Es un hecho admitido por casi todos los historiadores, que en marzo de 1945 el Proyecto Manhattan que debía proporcionar la bomba atómica, había llegado a un callejón sin salida tras consumir enormes sumas de dinero. Aunque habían logrado obtener 15 kilogramos de plutonio, suficiente para tres bombas, habían renunciado a obtener uranio-235, y lo peor de todo: no habían encontrado la manera de hacer detonar la bomba.
El Acta de Libertad de Información de EE.UU ordena que todo documento secreto debe ser hecho público antes de transcurrir treinta años. Sin embargo, el Departamento de Defensa sigue haciendo una excepción con la documentación del U-234 porque… ¡71 años después de terminada la guerra¡, «dañaría gravemente la seguridad nacional».
La postura oficial de EE.UU sobre el proyecto nuclear alemán, es que el Tercer Reich estuvo muy lejos de obtener una bomba atómica, porque sólo en una sociedad democrática con libertad de investigación se pueden lograr resultados positivos. Es fácil suponer el impacto que tendría en la opinión pública estadounidense conocer, que tras invertir miles de millones de $, la bomba atómica se obtuvo gracias a un golpe de suerte: la rendición de un submarino alemán con tecnología nazi.
Naturalmente, es sólo una hipótesis de trabajo que ningún historiador puede confirmar, pero hay tres indicios que alimentan esta sospecha. El primero es un documento alemán de comienzos de 1944, que planifica el ataque a Nueva York con una bomba atómica de 15 kilotones (los alemanes se referían a ella como bomba de desintegración). Causa perplejidad, porque salvo error, no es una falsificación y ha sido publicado. Esto no demuestra que los nazis tuvieran la bomba un año antes de terminar la guerra, pero los cálculos matemáticos son extraordinariamente exactos. El segundo indicio es el supuesto test atómico alemán en la isla de Rûgen, el 12 de octubre de 1944, sobre el que hay un manto de silencio. El tercer indicio es el descubrimiento, en ¡diciembre de 2014!, de un gigantesco complejo subterráneo de 75 hectáreas en St Georgen an der Gusen, cuya tierra tiene una elevada radioactividad.
A la vista de lo que conocemos, la máxima suposición a la que podríamos llegar aunque no necesariamente cierta, es que los nazis hubieran tenido uno o dos artefactos nucleares de poca potencia, demasiado tarde y demasiado poco para invertir el rumbo de la guerra. Nada más lejos de mi intención que hacer historia-ficción, pero sí de volver a insistir sobre lo que a mi juicio es una realidad innegable: que mantener documentos clasificados como alto secretao durante tantos años, alimenta todo tipo de teorías.
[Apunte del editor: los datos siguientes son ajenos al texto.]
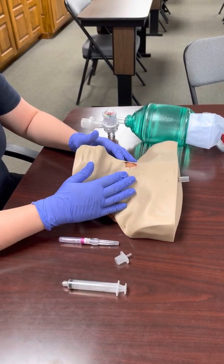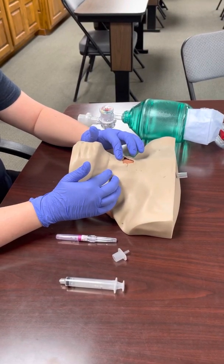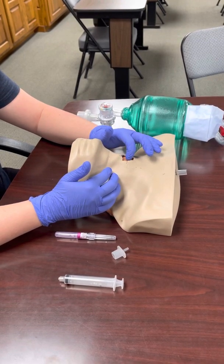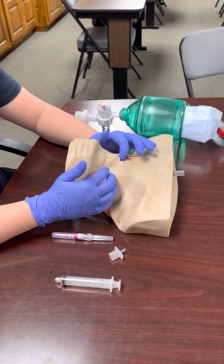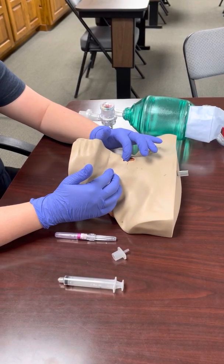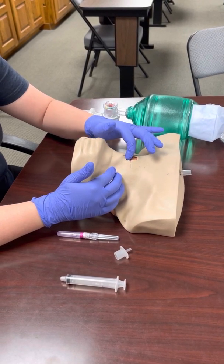First you're going to want to find your landmarks — we're aiming for the cricothyroid membrane. Find the thyroid cartilage or the Adam's apple. You'll feel a dip just below that and then you'll feel the cricoid membrane. You want the space in between those two hard structures. Anyone can feel this on themselves if they tilt their head back. You'll feel your Adam's apple, a little dip right below that — that's the membrane we're aiming for — and then you'll feel the cricoid cartilage.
La ayuda nazi al desarrollo científico estadounidense es una idea perturbadora. El botín de guerra de los vencedores incluyó tres millones de patentes alemanas, además de lanzarse a la caza y captura de los científicos, fueran nazis o no. Los soviéticos lo hicieron abiertamente, indicando que era una justa reparación por los daños de guerra, pero los estadounidenses lo hicieron a través de un programa secreto denominado «paper-clip».